The best-performing content is chosen, as well as such factors as the best time and the best social networks for sharing, and the campaign moves to the second tier.

Such automated Darwinian contests to find the best-performing material are becoming more commonly available for marketers. For instance, today a startup called RevJet is releasing its Creative Side Platform, which is built around an automated testing and winnowing of the best-performing ads.

In the second tier, TapFire selects a group of the most appropriate influencers, who have set fees for such distribution, generally ranging from $50 to $150 per campaign.

The content chosen in the first tier is then made available to agreeing influencers, who share it with their followers on Facebook, Twitter and/or Pinterest.

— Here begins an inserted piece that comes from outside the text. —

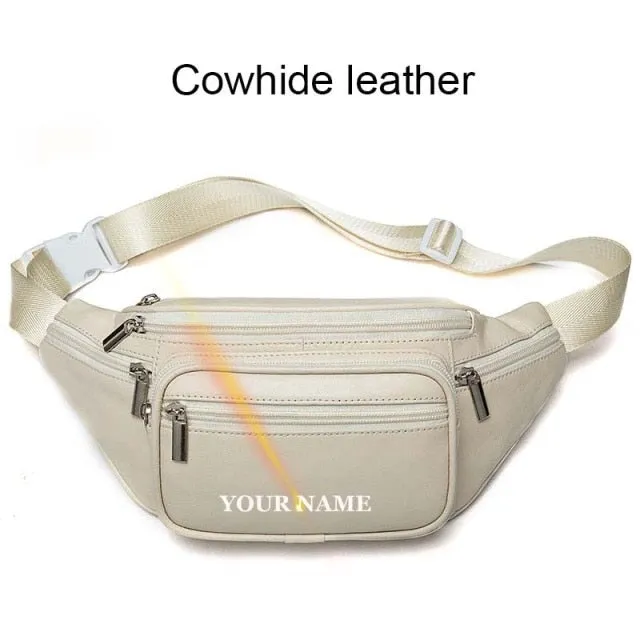 Genuine Leather Men Waist Bags Belt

The brand pays a cost per click, which TapInfluence said averages between 60 cents and a dollar, up to a set maximum.

“We see ourselves as becoming a premium content distribution channel,” cofounder Rustin Banks said.

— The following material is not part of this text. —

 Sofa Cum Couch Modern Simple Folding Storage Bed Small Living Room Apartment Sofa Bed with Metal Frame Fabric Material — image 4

Banks noted that usually, the funds for this kind of content boosting come out of marketers’ distribution budgets, which are often separate from influencer marketing budgets.

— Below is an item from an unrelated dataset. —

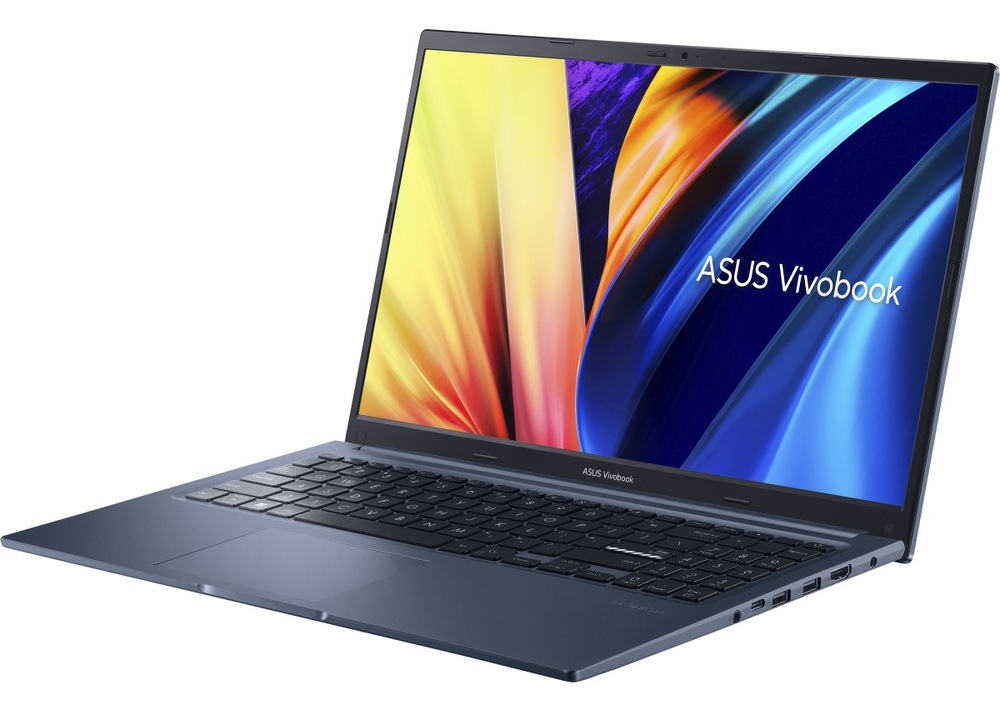 Notebook Asus Vivobook 15 modrý Zapnutý a otvorený notebook ASUS VivoBook 15 X1502ZA otočený doľava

TapInfluence said that about two dozen paid boost campaigns have been conducted during TapFire’s six-month beta phase, resulting in more than 350,000 clicks on content. It claims an average 200 percent return on investment, compared to ads circulating similar content.

Banks said that content shared by an influencer, whose opinion interests their followers, is “twice as likely” to see user action like watching a video or making a purchase than content distributed through Outbrain or Taboola.

Other influencer networks, he said, might work with affiliates — where influencers post a link and get a referral fee if a sale is made — but no others are similarly boosting existing content.

“We see ourselves as becoming a premium content distribution channel,” he said, especially since content distributed this way is not susceptible to ad blocking, while Outbrain or Taboola can be.